◆ **INSTRUCTIONS FOR THE TASK**
Quote exactly and only this range of lines in the data below: the line that holds "03-09 Mercedes W211" to the line that holds "Lot 137 - An", both included.

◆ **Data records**
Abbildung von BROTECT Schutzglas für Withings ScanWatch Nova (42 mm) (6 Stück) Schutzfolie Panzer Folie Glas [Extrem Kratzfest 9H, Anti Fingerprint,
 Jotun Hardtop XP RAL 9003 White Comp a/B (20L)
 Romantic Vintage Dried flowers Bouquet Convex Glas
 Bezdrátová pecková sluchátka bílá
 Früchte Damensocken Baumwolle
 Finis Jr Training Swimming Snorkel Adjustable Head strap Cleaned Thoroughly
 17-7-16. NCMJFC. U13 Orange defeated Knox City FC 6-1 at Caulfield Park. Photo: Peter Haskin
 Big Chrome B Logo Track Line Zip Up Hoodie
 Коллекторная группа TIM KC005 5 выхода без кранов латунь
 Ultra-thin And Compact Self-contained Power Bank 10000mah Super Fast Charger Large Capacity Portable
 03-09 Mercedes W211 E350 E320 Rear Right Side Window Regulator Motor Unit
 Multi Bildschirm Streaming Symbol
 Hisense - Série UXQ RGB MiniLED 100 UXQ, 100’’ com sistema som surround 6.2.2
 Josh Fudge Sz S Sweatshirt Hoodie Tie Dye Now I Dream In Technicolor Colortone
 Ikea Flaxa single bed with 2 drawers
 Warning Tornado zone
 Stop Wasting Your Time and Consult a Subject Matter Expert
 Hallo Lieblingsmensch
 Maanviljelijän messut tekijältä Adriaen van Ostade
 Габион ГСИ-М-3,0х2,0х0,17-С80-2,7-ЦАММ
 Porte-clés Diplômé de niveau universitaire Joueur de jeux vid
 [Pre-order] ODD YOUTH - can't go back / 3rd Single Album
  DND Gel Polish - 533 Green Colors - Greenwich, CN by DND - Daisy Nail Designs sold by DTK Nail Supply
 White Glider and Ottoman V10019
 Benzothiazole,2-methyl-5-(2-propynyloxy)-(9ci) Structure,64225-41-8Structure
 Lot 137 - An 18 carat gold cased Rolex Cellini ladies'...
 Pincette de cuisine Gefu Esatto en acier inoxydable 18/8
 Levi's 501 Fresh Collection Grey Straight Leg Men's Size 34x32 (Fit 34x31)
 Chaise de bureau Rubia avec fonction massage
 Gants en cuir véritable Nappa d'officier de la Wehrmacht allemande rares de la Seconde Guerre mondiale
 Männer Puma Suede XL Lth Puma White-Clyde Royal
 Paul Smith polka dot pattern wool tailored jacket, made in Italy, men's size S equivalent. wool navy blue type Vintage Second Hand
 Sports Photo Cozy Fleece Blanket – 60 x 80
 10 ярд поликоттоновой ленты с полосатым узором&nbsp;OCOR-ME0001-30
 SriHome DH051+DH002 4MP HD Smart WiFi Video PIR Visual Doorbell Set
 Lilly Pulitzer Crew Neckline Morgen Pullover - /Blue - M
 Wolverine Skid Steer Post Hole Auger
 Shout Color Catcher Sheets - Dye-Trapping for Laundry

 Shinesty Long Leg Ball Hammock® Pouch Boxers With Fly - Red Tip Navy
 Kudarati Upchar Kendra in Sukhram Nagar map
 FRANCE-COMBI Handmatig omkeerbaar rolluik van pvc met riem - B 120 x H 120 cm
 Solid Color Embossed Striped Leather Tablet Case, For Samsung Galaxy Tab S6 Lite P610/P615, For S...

◆ **ANSWER SPACE**
 03-09 Mercedes W211 E350 E320 Rear Right Side Window Regulator Motor Unit
 Multi Bildschirm Streaming Symbol
 Hisense - Série UXQ RGB MiniLED 100 UXQ, 100’’ com sistema som surround 6.2.2
 Josh Fudge Sz S Sweatshirt Hoodie Tie Dye Now I Dream In Technicolor Colortone
 Ikea Flaxa single bed with 2 drawers
 Warning Tornado zone
 Stop Wasting Your Time and Consult a Subject Matter Expert
 Hallo Lieblingsmensch
 Maanviljelijän messut tekijältä Adriaen van Ostade
 Габион ГСИ-М-3,0х2,0х0,17-С80-2,7-ЦАММ
 Porte-clés Diplômé de niveau universitaire Joueur de jeux vid
 [Pre-order] ODD YOUTH - can't go back / 3rd Single Album
  DND Gel Polish - 533 Green Colors - Greenwich, CN by DND - Daisy Nail Designs sold by DTK Nail Supply
 White Glider and Ottoman V10019
 Benzothiazole,2-methyl-5-(2-propynyloxy)-(9ci) Structure,64225-41-8Structure
 Lot 137 - An 18 carat gold cased Rolex Cellini ladies'...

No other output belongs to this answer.